Scott Camarotti, vice-president and country manager, Software AG Canada, said big data analytics brings big challenges.
“There are four simultaneous challenges for business,” Camarotti said. “One, there’s a massive amount of data and it’s only going to grow; two, the velocity of the data means [companies] have to increase their ability to read, write and update (from it); third, a lot of that data is unstructured; and finally, they have to be able to extract the value for the business.”
Luckily, vendors are creating new techniques. A case in point, he said, is Visa. It used to take up to 45 minutes to identify fraudulent transactions. With big data in memory — Camarotti calls it Big Memory — and Software AG’s applications, that was reduced to four seconds. “That’s measurable success. You can identify the fraud while there is still some possibility of enforcement at the point of sale.”
Similarly, Goldman Sachs was struggling to ratify trades within a four-hour window, he said, but after deploying solid-state memory to handle 500GB at a time, there was a 300 percent improvement in processing time and the sector went from an unstable part of the business to a high performer, opening doors for more discussions around other applications.
Selling yet another IT solution in the midst of a lingering recession, however, is sometimes a challenge, said Wayne Ingram, managing director, technology at consultancy Accenture in Canada. “[Buyers] fall into two camps.

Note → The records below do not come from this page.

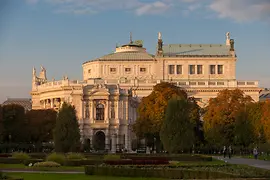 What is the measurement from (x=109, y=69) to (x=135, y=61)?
5.83 metres

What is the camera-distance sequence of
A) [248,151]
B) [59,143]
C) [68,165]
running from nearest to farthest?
1. [68,165]
2. [59,143]
3. [248,151]

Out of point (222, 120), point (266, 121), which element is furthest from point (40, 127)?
point (266, 121)

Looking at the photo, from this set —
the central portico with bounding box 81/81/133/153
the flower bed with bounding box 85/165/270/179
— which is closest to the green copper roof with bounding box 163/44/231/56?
the central portico with bounding box 81/81/133/153

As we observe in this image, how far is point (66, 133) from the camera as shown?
76625 mm

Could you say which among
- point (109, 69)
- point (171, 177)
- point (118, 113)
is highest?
point (109, 69)

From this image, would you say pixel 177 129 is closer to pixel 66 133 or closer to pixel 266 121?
pixel 66 133

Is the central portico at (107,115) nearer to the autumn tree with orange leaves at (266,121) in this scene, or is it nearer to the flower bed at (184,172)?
the autumn tree with orange leaves at (266,121)

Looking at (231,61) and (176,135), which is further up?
(231,61)

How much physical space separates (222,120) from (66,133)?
31.4 metres

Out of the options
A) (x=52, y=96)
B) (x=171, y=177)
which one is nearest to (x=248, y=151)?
(x=171, y=177)

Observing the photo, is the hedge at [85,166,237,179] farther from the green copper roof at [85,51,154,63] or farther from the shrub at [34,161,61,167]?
the green copper roof at [85,51,154,63]

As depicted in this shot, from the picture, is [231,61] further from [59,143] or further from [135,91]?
[59,143]

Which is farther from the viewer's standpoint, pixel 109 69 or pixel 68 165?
pixel 109 69

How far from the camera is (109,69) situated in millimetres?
157250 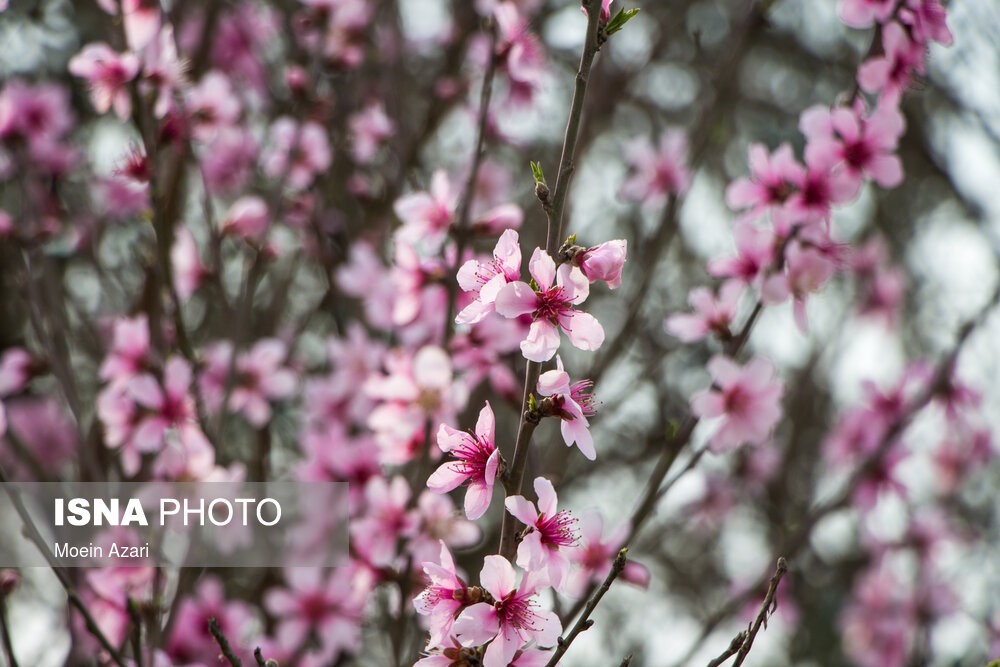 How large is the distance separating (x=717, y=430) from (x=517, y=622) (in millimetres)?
1030

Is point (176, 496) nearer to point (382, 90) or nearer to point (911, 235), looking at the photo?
point (382, 90)

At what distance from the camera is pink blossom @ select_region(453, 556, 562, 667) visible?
1318 millimetres

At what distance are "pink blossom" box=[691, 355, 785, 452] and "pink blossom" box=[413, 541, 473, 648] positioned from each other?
103cm

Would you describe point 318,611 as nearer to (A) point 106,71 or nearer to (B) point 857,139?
(A) point 106,71

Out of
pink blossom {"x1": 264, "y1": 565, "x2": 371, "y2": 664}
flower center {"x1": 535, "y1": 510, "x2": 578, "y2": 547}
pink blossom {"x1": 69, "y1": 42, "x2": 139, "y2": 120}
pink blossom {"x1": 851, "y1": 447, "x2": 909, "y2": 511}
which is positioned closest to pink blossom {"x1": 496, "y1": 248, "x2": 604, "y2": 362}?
flower center {"x1": 535, "y1": 510, "x2": 578, "y2": 547}

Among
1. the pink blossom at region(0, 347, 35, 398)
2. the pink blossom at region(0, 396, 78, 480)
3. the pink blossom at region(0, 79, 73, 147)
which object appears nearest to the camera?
the pink blossom at region(0, 347, 35, 398)

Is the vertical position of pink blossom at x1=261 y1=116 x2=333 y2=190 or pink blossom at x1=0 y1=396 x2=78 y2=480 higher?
pink blossom at x1=261 y1=116 x2=333 y2=190

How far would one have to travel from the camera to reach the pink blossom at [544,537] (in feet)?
4.39

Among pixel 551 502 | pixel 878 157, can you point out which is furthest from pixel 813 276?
pixel 551 502

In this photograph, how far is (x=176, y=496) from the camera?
2373 millimetres

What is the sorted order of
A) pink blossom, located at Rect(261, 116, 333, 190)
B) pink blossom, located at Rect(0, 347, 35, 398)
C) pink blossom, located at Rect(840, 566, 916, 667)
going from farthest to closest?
pink blossom, located at Rect(840, 566, 916, 667) < pink blossom, located at Rect(261, 116, 333, 190) < pink blossom, located at Rect(0, 347, 35, 398)

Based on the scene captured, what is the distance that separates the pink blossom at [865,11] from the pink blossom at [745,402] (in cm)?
90

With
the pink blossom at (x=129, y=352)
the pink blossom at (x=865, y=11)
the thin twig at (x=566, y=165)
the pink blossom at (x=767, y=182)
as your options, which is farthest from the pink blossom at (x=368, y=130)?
the thin twig at (x=566, y=165)

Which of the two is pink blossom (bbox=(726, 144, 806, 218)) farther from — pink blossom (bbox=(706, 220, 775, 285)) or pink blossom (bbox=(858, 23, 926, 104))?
pink blossom (bbox=(858, 23, 926, 104)) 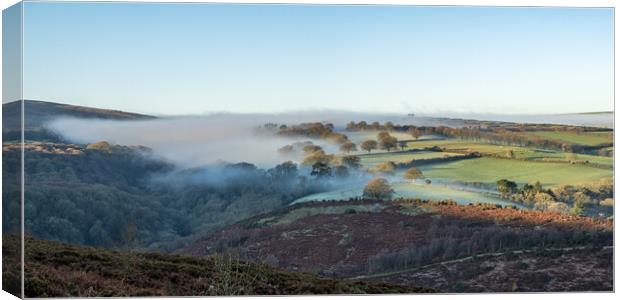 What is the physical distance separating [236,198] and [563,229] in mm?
3591

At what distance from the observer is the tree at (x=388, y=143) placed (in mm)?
14844

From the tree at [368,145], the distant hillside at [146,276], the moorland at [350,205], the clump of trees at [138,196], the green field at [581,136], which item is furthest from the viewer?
the green field at [581,136]

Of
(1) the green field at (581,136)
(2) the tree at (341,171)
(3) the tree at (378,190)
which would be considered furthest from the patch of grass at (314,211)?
(1) the green field at (581,136)

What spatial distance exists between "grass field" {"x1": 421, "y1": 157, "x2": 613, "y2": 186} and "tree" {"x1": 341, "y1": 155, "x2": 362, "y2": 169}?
726 mm

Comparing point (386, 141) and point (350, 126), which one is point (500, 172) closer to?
point (386, 141)

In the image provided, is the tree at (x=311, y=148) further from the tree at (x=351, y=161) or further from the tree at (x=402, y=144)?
the tree at (x=402, y=144)

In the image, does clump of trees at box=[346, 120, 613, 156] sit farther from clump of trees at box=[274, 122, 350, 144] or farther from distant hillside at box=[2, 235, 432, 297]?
distant hillside at box=[2, 235, 432, 297]

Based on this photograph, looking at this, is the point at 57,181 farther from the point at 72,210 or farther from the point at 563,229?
the point at 563,229

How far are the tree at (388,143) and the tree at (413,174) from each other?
321mm

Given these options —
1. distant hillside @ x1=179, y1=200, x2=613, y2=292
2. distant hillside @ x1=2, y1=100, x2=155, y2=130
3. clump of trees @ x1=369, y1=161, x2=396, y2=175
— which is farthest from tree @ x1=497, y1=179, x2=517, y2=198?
distant hillside @ x1=2, y1=100, x2=155, y2=130

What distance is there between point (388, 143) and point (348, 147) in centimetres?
46

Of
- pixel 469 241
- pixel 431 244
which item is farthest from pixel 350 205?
pixel 469 241

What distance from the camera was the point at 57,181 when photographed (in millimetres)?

The IT camp gets the technology and what it can do,” he said. The non-IT group is more skeptical, having been sold on technology for years that doesn’t always perform as promised.
Still, he said, the components are mostly in place and the cost is incremental since the hardware and software are relatively cheap compared to the cost of large-scale server farms. The payoff from real-time data mining makes the pursuit worthwhile because “there’s gold in that data. I worked in the utility sector and we saw it in action there,” he said.
“You’d have a generator fail on a system but, instead of just replacing the generator, we knew from the data there would be a series of related failures of other components so, while we’re out there, we replaced those.”
But it all comes down to the question and how you ask. And somewhere, that cure for cancer is waiting for the right question.